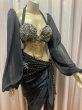 画像2: コスチューム用シフォンスリーブ (2)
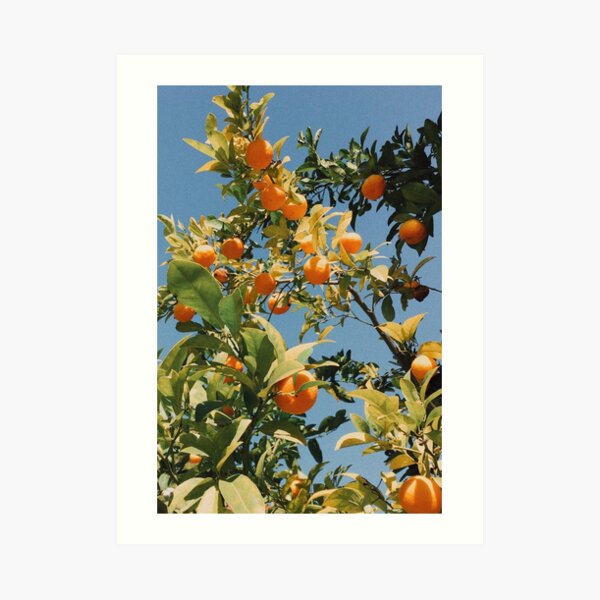 Vintage Oranges Art Print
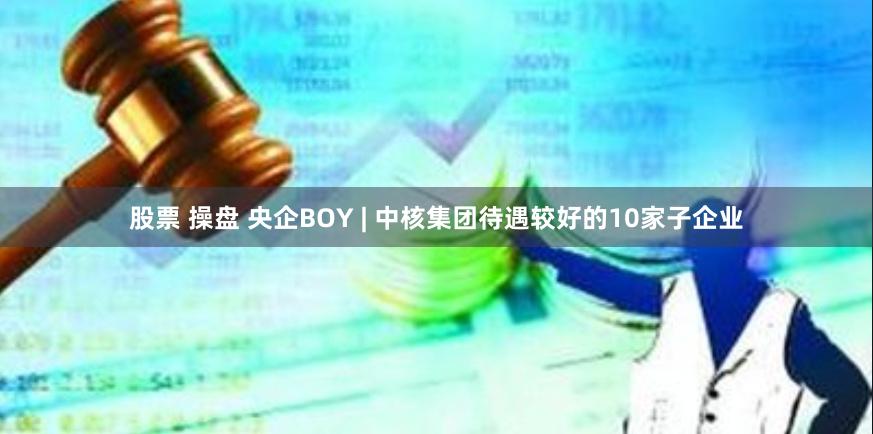 股票 操盘 央企BOY | 中核集团待遇较好的10家子企业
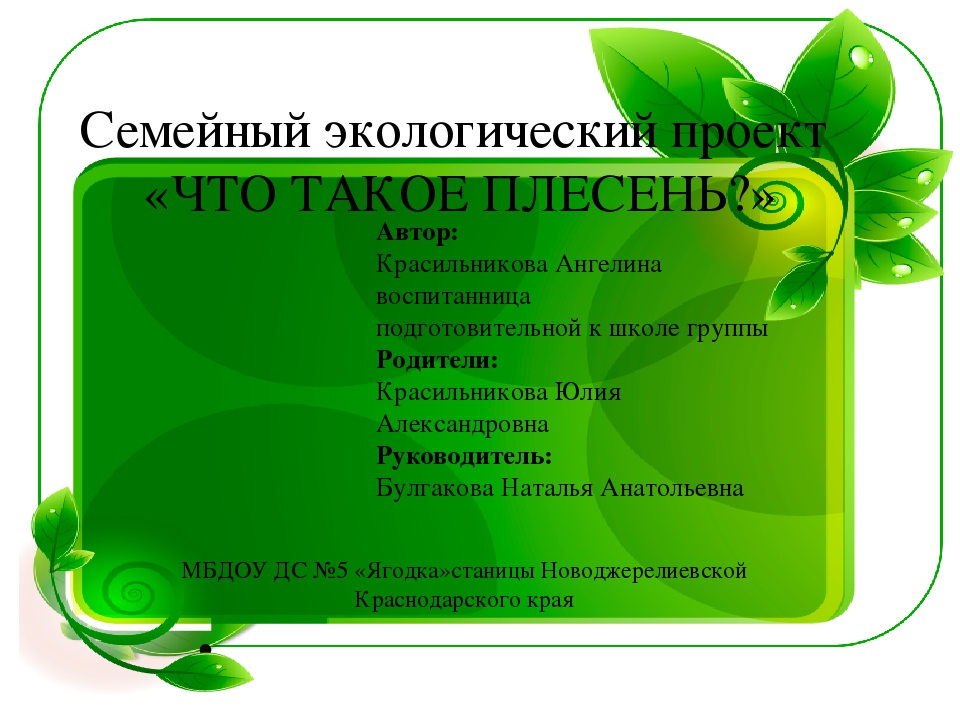 Семейный экологический проект «ЧТО ТАКОЕ ПЛЕСЕНЬ?»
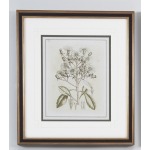 35-0062a Tinted Botanical - I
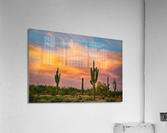 Saguaro Desert Life  Impression acrylique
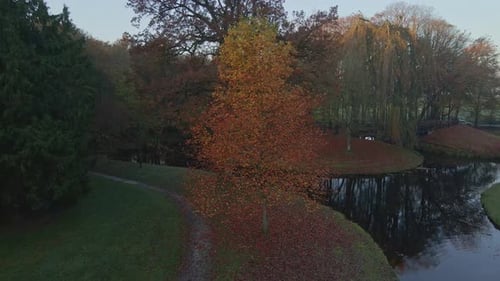 Aerial view of small park with trees in autumn colours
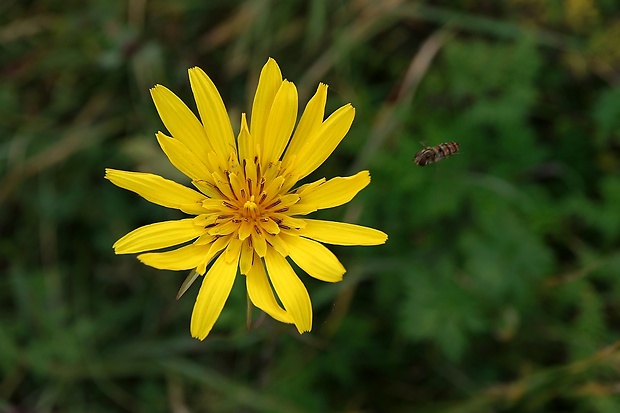 kozobrada lúčna Tragopogon pratensis L.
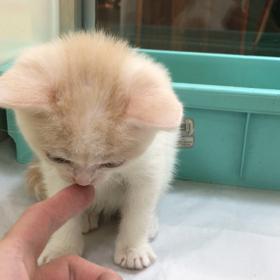 慣れて来たょ♡の画像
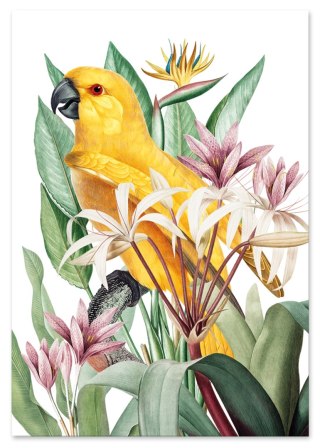 Plakat PAPUGA W EGZOTYCZNYCH KWIATACH kolor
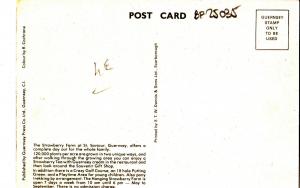 BF25035 the hanging strawberry farm guernsey CI UK  front/back image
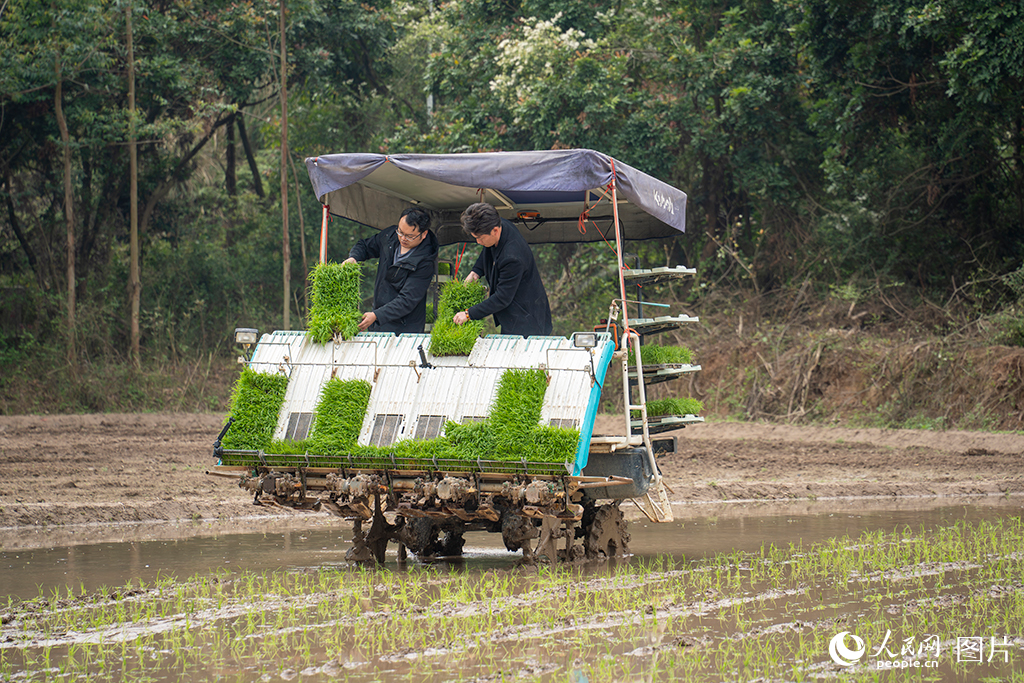 318ϰ|悸ִo{CһСrɲ߰ˮSӢz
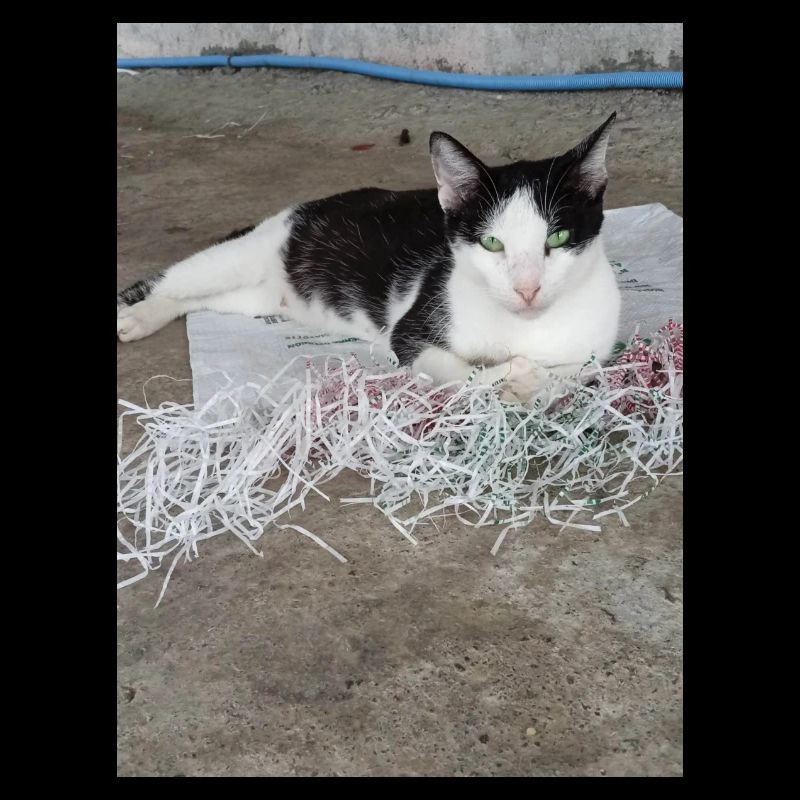 Katzen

┄┄┄┄┄┄┄┄┄┄┄┄┄┄┄┄┄┄┄┄

*Task to carry out*:
Once the line with "Plakat PAPUGA W EGZOTYCZNYCH KWIATACH kolor" is found, output it and every line after it through the end of the listing, exactly, without pictures.

*Response to this exercise*:
 Plakat PAPUGA W EGZOTYCZNYCH KWIATACH kolor
 BF25035 the hanging strawberry farm guernsey CI UK  front/back image
 318ϰ|悸ִo{CһСrɲ߰ˮSӢz
 Katzen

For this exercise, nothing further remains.